Exercise objective ->
Restate word for word the section of the entries that opens at the line containing "Young amateur giving" and closes at the line containing "a kitchen with", both lines kept, pictures dropped.

Available records ->
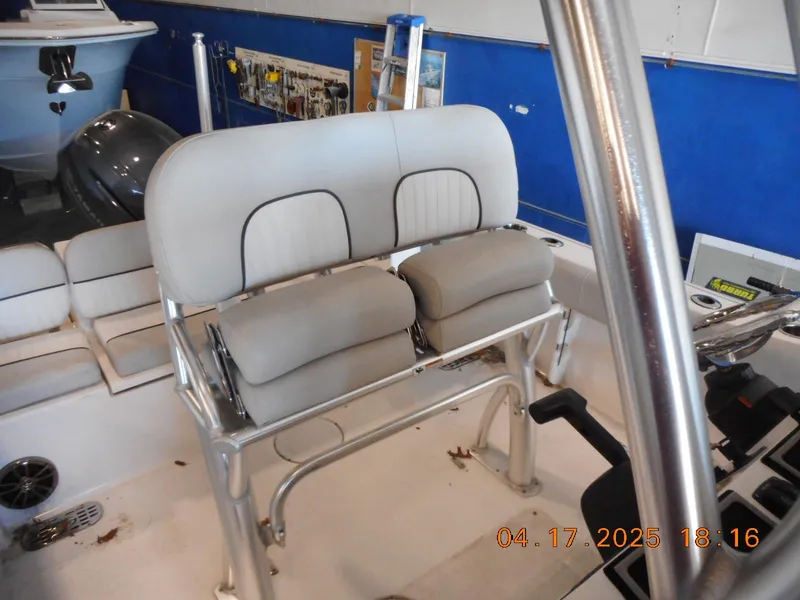 Slide: The Image of 2020 Sea Fox 228 Commander boat interior with cushioned seating and steering console. - 9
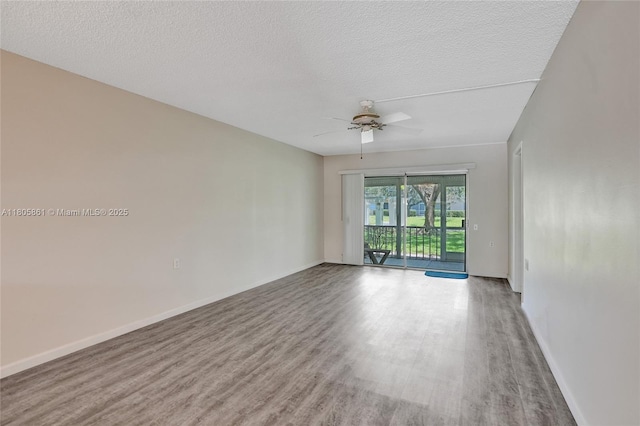 1108 Bahama Bnd Unit B1, Coconut Creek, FL 33066 - empty room featuring wood finished floors, ceiling fan, a textured ceiling, and baseboards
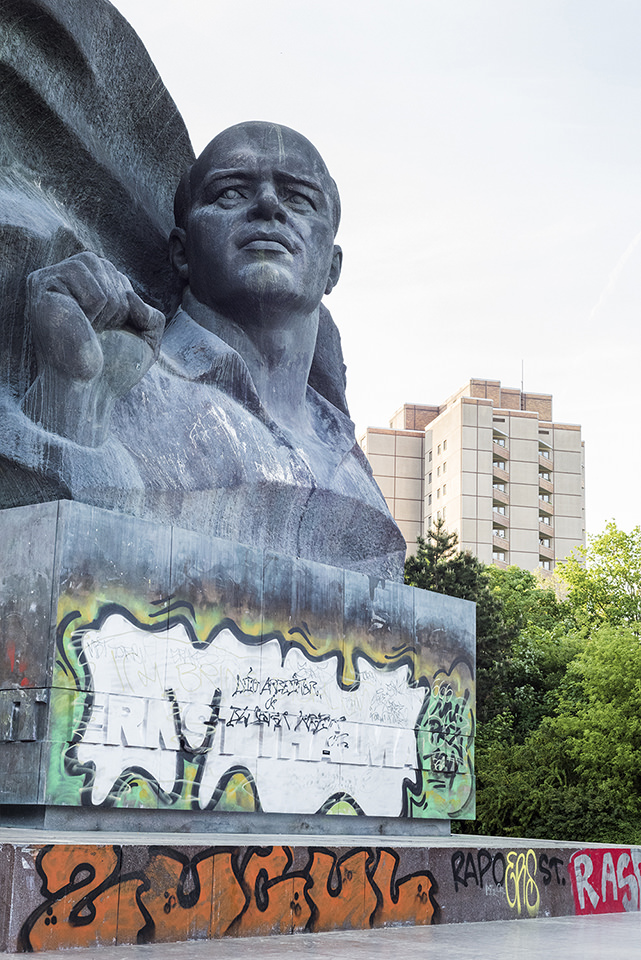 Denkmal Staue im Vordergrund mit Graffiti bemalt, dahinter ein Hochhaus und Grünwuchs.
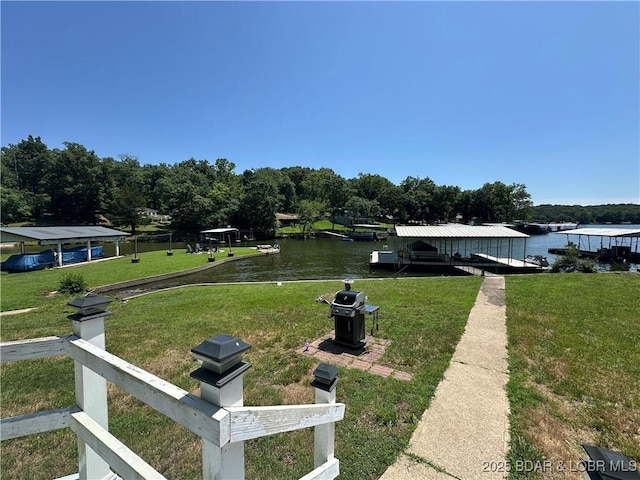 30024 Hawaii Rd, Gravois Mills, MO 65037 - view of green lawn featuring a water view, a boat dock, and boat lift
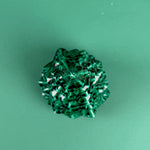 Green marbled Christmas tree ornament on a solid green background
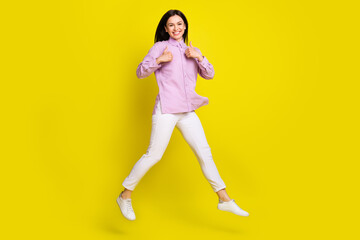 Fototapeta na wymiar Full length body size view of attractive cheery girl jumping showing two thumbup ad isolated over bright yellow color background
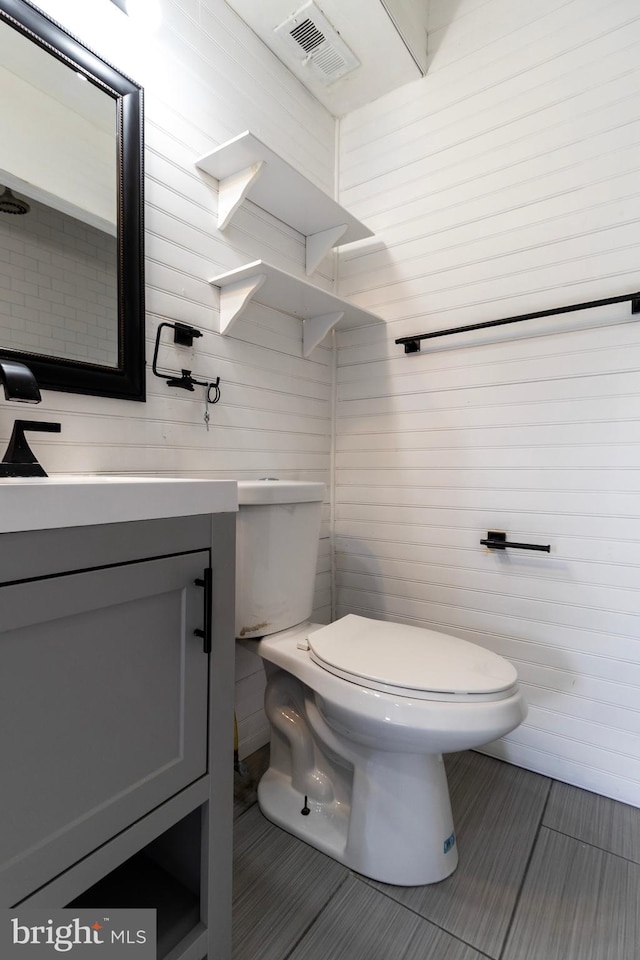 bathroom featuring tile patterned flooring, vanity, and toilet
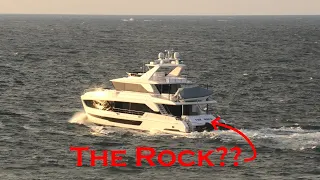 92ft "THE ROCK" yacht by Horizon heading into the sunset from Port Everglades in Fort Lauderdale, FL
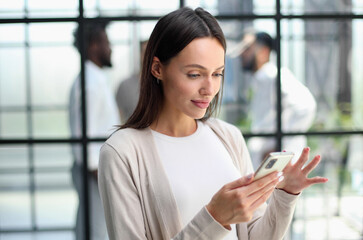 Businesswoman with phone in modern office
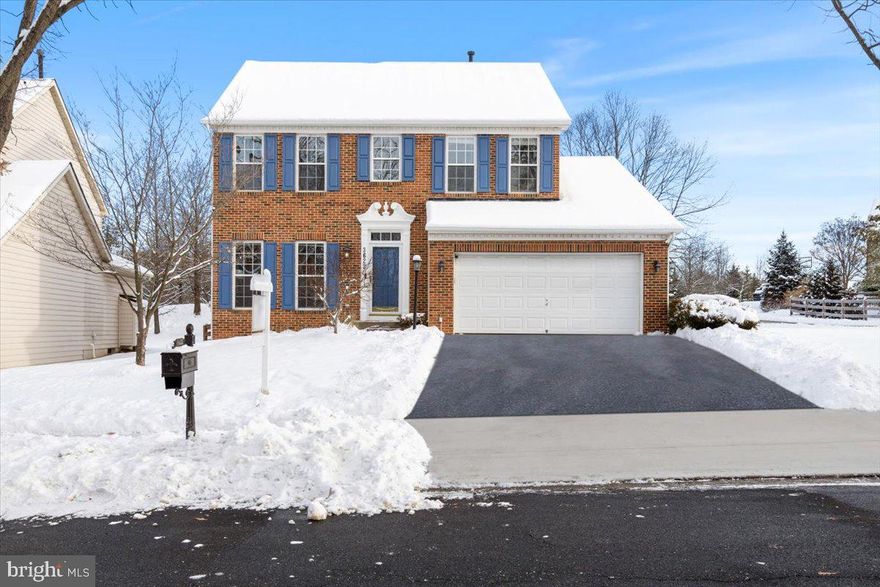 Interior photos will be uploaded by Monday. Delightful brick front colonial is perfectly situated on the highly desired, non through street of Denison Street in The Villages of Urbana.   Once inside, you will love the dramatic two story entry sharing space with a formal living and dining room. The heart of the home and otherwise known as command central, is a bright and sunny kitchen that opens to a wall of windows in the breakfast room and family room. Entertain with ease and privacy on the paver patio surrounded by a fully fenced yard backing to an open view of trees and nature.  Upstairs retreat to the owner's suite with a dramatic vaulted ceiling and en suite bath featuring a seperate shower, soaking tub and dual vanities. The three additional bedrooms are all large and share a hall bath. The basement rec room is the ultimate space for the second hang out area with another craft or gaming space down the hall. The fifth large bedroom and third full bathroom complete this space. Enjoy the neighborhood amenities all  within walking distance of Harris Street and Shaffers Mill pools, shopping, library and many restaurants. Easy commuting to 270 and I-70.
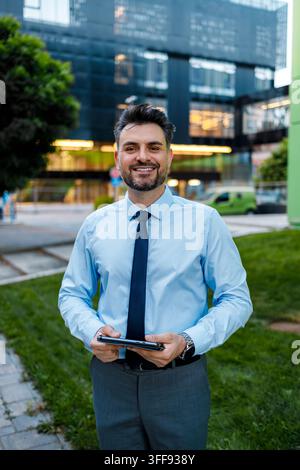 Ein Mann lächelt, während er ein Tablet vor einem modernen Gebäude hält. Er trägt ein hellblaues Hemd und eine Krawatte. Stockfoto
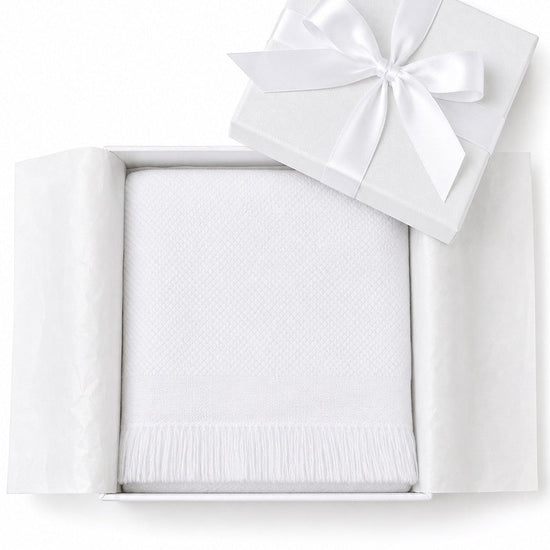 Carriage Boutique white knit baby blanket with fringe detail, presented in a gift box with a satin ribbon.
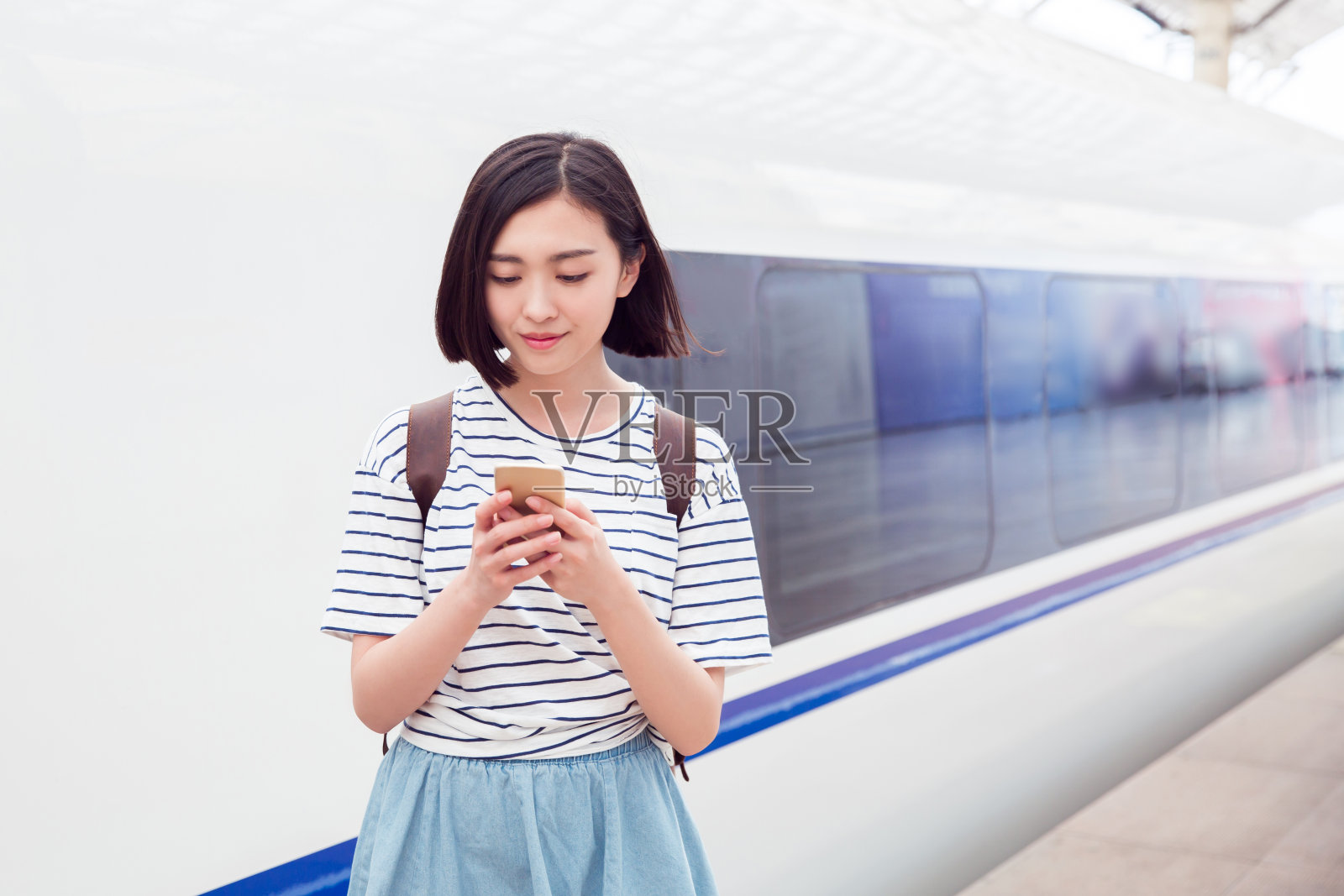 一名女子在火车站站台上用智能手机等待照片摄影图片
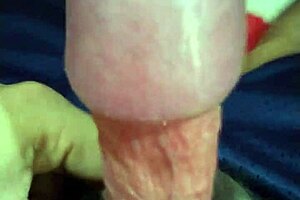 Young amateur giving handjob while masturbating at midnight in homemade video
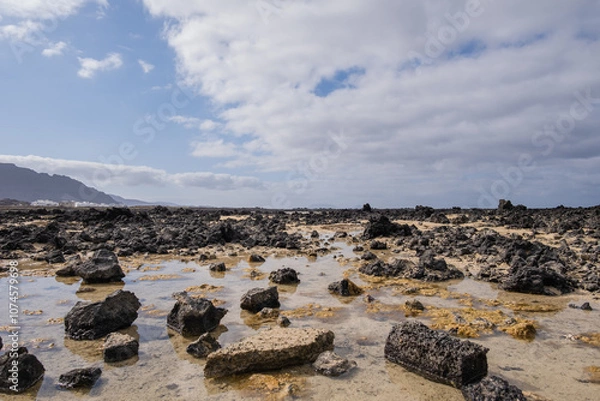 Fototapeta White sand beach with black rocks of volcanic origin. Mountains in the background and sky with big white clouds. Caletón Blanco, Lanzarote, Canary Islands, Spain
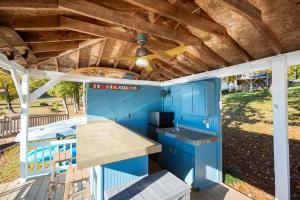 a kitchen with blue cabinets and a wooden ceiling at Dockside Dream – Your Perfect Waterfront Escape in Lexington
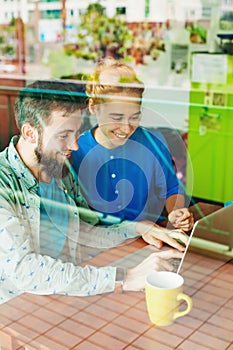 Man and woman working with laptop together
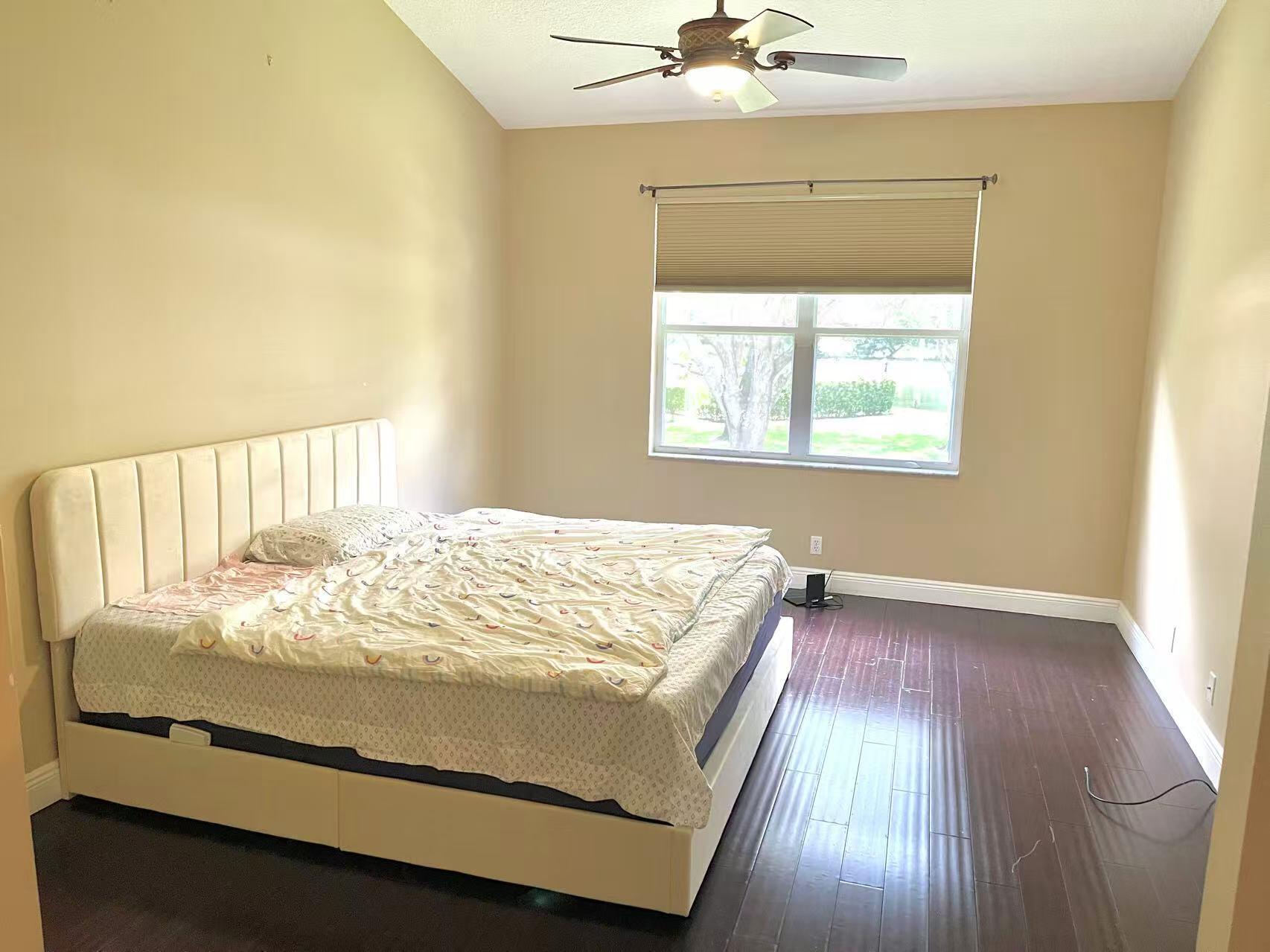 8550 Vía Romana, Unit 2 Boca Raton, FL 33496 - Photo 12 of 28 a bed sitting in a bedroom next to a window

Response for this exercise ->
 Young amateur giving handjob while masturbating at midnight in homemade video
 Fototapeta White sand beach with black rocks of volcanic origin. Mountains in the background and sky with big white clouds. Caletón Blanco, Lanzarote, Canary Islands, Spain
 a kitchen with blue cabinets and a wooden ceiling at Dockside Dream – Your Perfect Waterfront Escape in Lexington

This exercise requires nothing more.